It is the Islamic tradition that developed the endlessly intriguing myth of the Queen of Sheba’s hairy legs.

1921-betty-blythe-as-the-queen-of-sheba-in-the-retronaut-1363306888_b

Betty Blythe as the Queen of Sheba, 1921
(http://www.pictify.com)

In 1993 this image was reworked in a short story by Marina Warner (in The Mermaids in the Basement), and it continues to be a provocative metaphor for the deceptive and dangerous nature of beauty (and often by extension women).

In the Qur’an the Queen’s legs do appear, but we only hear that on entering Solomon’s palace she sees that the floor appears to be a a long glistening pool of water. She hitches up her skirts to wade through, finding to her surprise that it is merely polished glass. As Barbara Freyer Stowasser points out, merely having shown her legs is enough for the Queen to exclaim, “I have committed an outrage against myself. Now I submit [in Islam] together with Solomon to God” (64, passage from the Qur’an, Sura 27:43).

In later Islamic versions of the story the glass floor is specifically intended to trick the Queen into showing her legs, so that Solomon can ascertain the truth of the rumours that the beautiful Queen of Sheba hides the hairy legs of a devil under her sumptuous skirts. In the Targum Sheni Solomon exclaims on seeing the Queen’s legs:

“You are a beautiful woman but hairiness is for men”
(in Lassner 16-17).

In Jacob Lassner’s analysis it is the Queen of Sheba’s political power that makes her dangerous enough to Solomon for him to find it necessary to subdue her. However, it is significant that the perversity of this power – wielded by a woman – is symbolised by the Queen’s hairy legs, by a blot on her beauty. Clearly, if she is so powerful than she cannot really be a woman.

Beauty, therefore, is a manifestation of weakness and of femininity, two attributes which are irrevocably connected; in the Jewish Stories of Ben Sira, Solomon is able to sexually possess the Queen once her hairy legs have been made smooth, in an echo of Samson and Delilah – a story which offers a clear example of hair as a signifier for masculine strength, inappropriate for a woman. However, beauty tends to be described as a power, and the Queen’s seductive power is one of the factors that make her so dangerous. But it is perhaps a secondary power, ineffable in contrast to the actual physical strength of men, and once a woman’s beauty is sexually possessed it loses its influence and its threat.

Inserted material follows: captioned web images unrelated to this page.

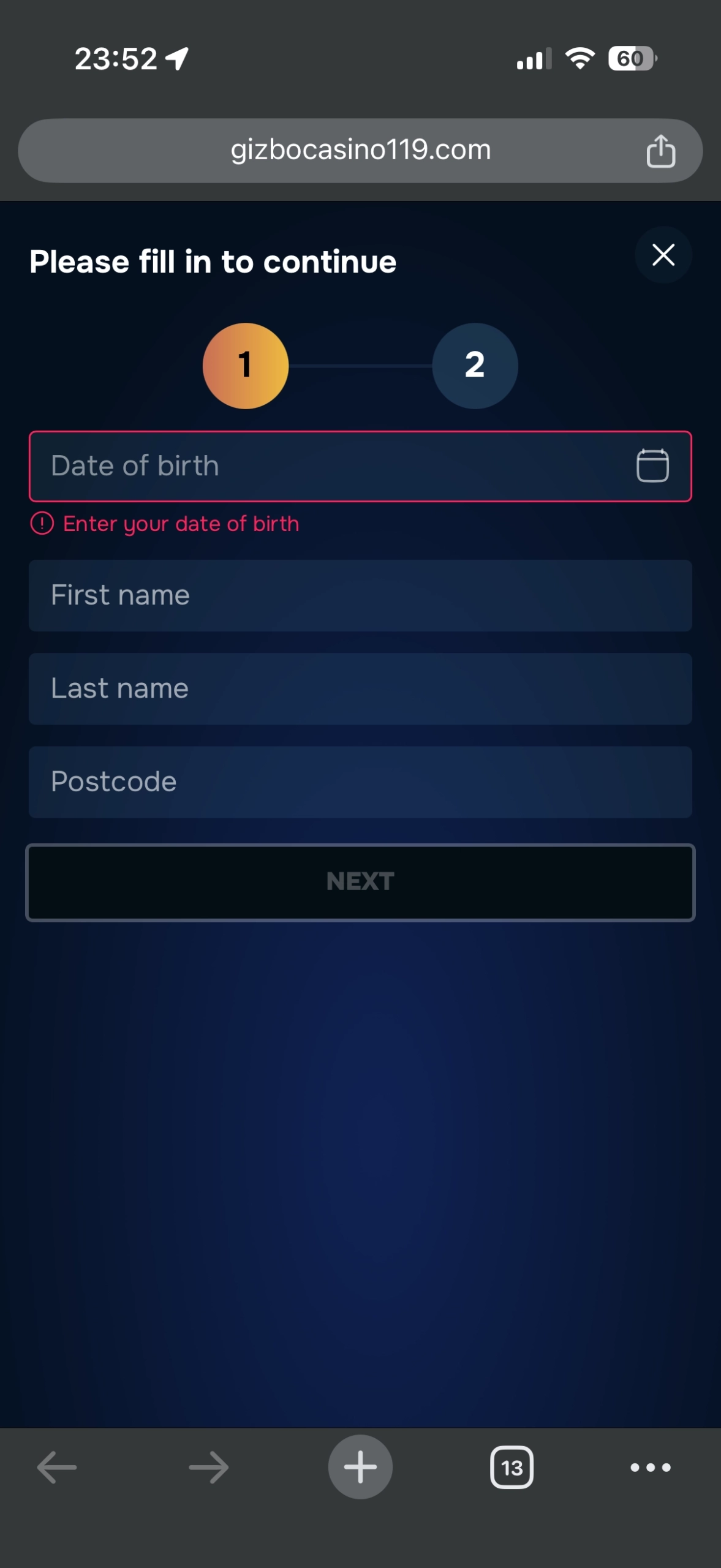 Gizbo Casino Sign Up Informations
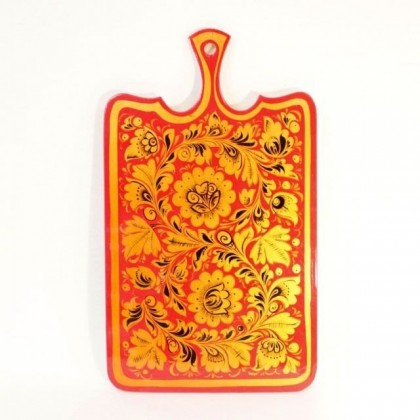 Big Cutting Board Khokhloma Painting, Hand painted cutting board, Russian traditional art
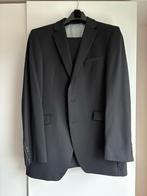 Zwart kostuum / pak heren subtiel krijtstreepje (maat 102), Maat 48/50 (M), Angelo Litrico, Zwart, Ophalen of Verzenden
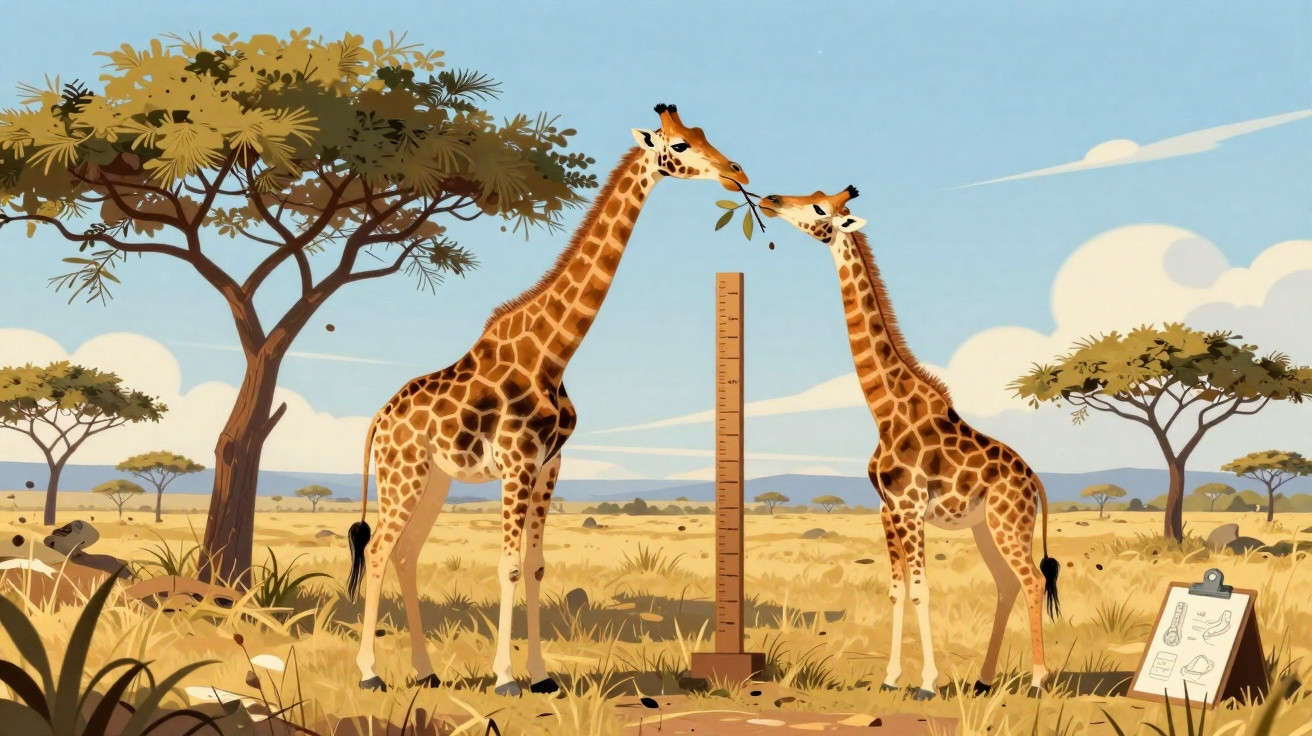Ilustração de duas girafas próximas a uma régua gigante, alimentando-se de folhas em uma savana ao entardecer.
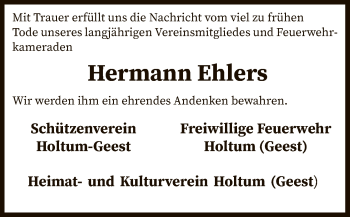 Traueranzeige von Hermann Ehlers von SYK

The revealing of the Queen’s hairy legs at the moment when she is fooled by the glass floor also connects her hairiness – the imperfection of her beauty – to the fallibility of her wisdom. Both her vaunted beauty and intellect are undermined in a single motion, suggesting a link between the two which is not often proposed. In this case Lassner’s emphasis on power as the Queen’s central attribute enables the interpretation that:

the Queen’s beauty and wisdom are, in this story, ciphers for her political power, which is really the only thing under discussion.

She presents a threat to the all-powerful Solomon, by ruling the last kingdom not under his dominion – that she is a woman adds to the insult. Her unrivalled beauty and intelligence express the superlative power which is so alarming to Solomon, but the metaphorical conflation of these three, beauty/wisdom/power, means that if one of these is undermined then the whole edifice will collapse. All of the riddles she poses to Solomon, which test his ability to see through disguised appearances, are analogies of the larger deception which she embodies. The sight of her hairy legs destroys the illusion of her perfect beauty, which has been metaphorically bound up with her unsurpassed wisdom – also compromised by her own deception by the glass floor – and her daunting political power which is predicated on these attributes falls in tatters at Solomon’s feet.

The implication of this argument is that beauty is only powerful in a metaphorical sense.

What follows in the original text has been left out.